Saturday, April 26, 2008

Daily Office Reflection: Rules

Psalms 75, 76 * 23, 27; Leviticus 23:23-44; 2Thessalonians 3:1-18; Matthew 7:3-21

I went to a Washington Nationals game last night at their new stadium, which is about four blocks from where I live. They were playing the Chicago Cubs. It was a good game, with it being tied going into the bottom of the 9th. The Nats won in that inning with a home run, with two players on base. If a team is going to win or lose a game, that is an exciting way to do it.

I went with two good friends from seminary, one of them a die-hard Cubs fan. There were various questionable calls made by the umpires during the game, and at least to my Cubs-fan friend, they seemed to be skewed in favor of the home team Nats. Whether it was charging a Cubs player with an error for a similar screw up as a Nats player had just graced the game with the inning before, for which the Nats player had not been hit with an error, or the questionable call earlier in the game where the umpire called a ground-rule double because a Cubs hitter had hit a ball that bounced off a flower planter and bounced back into the field (the Cubs lost at least one run due to that call), all the decisions were based on established rules and interpretations of those rules by the officials charged with making those decisions.

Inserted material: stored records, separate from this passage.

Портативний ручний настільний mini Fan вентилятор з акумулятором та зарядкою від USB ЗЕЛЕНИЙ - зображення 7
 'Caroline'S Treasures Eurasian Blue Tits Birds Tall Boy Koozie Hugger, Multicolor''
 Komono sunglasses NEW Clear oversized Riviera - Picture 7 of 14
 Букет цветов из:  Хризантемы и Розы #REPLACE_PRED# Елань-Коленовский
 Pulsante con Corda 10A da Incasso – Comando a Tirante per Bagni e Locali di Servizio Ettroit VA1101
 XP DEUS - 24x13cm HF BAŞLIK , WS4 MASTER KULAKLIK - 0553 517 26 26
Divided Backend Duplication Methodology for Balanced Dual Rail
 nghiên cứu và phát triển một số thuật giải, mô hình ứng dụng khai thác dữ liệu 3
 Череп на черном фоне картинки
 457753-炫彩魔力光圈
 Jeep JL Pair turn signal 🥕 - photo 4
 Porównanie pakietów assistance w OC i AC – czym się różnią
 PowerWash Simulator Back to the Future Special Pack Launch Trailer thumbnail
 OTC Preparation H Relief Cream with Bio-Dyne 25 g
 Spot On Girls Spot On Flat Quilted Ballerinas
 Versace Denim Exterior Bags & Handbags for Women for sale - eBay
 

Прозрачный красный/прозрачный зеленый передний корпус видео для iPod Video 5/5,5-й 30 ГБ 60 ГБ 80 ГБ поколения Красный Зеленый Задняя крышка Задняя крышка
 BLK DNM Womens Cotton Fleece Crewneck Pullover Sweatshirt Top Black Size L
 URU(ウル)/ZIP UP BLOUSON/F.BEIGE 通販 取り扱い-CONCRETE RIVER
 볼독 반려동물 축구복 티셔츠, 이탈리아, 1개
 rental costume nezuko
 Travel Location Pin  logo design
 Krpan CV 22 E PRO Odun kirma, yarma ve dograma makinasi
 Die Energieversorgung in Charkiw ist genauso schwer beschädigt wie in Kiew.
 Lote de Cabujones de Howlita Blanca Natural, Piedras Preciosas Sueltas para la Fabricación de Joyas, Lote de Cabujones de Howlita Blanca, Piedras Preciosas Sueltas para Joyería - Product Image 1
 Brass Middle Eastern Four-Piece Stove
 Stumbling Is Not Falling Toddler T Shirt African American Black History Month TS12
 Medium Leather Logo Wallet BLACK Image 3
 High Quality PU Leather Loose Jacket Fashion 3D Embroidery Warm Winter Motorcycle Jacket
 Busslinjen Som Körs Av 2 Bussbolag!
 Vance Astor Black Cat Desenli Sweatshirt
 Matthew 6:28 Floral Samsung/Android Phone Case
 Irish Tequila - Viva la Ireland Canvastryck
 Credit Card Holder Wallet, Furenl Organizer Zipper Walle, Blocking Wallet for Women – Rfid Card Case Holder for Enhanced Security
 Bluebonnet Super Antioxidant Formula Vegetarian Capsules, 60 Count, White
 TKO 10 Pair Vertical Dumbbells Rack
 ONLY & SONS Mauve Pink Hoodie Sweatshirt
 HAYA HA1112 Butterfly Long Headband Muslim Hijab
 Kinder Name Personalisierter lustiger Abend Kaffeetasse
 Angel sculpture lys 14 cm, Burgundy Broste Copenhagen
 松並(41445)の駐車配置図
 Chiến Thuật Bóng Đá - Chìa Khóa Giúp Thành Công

These players, the umpires and even the fans (on both sides of last nights competition) where following rules and regulations of the game: they were entering through the narrow gate so to speak.

And I don't mean the narrow gate the 40,000 people present at that game passed through to get into this grand and beautiful stadium, although that could be another metaphor for today's Gospel reading from Matthew. In fact, all sports (football, soccer, tennis, golf. basketball, rugby) have set rules and guidelines, a narrow gate that must be passed through, in order to participate.

Why is it then that people complain about "rules" in church-life? Is it because they are more onerous? Or is it because they are calling on us to live into these "rules" not for a limited time that is a baseball game, but each and every minute of our life. It is a way of life: The Way the first Christians called the lives and communities they were establishing.

The joy I saw at those witnessing the baseball game last night, as well as the intensity of the players, is something analogous to what we are called to in today's Gospel passage. A narrow gate which we must slip through in order to find heaven, where the intensity and joy felt will be unsurpassed.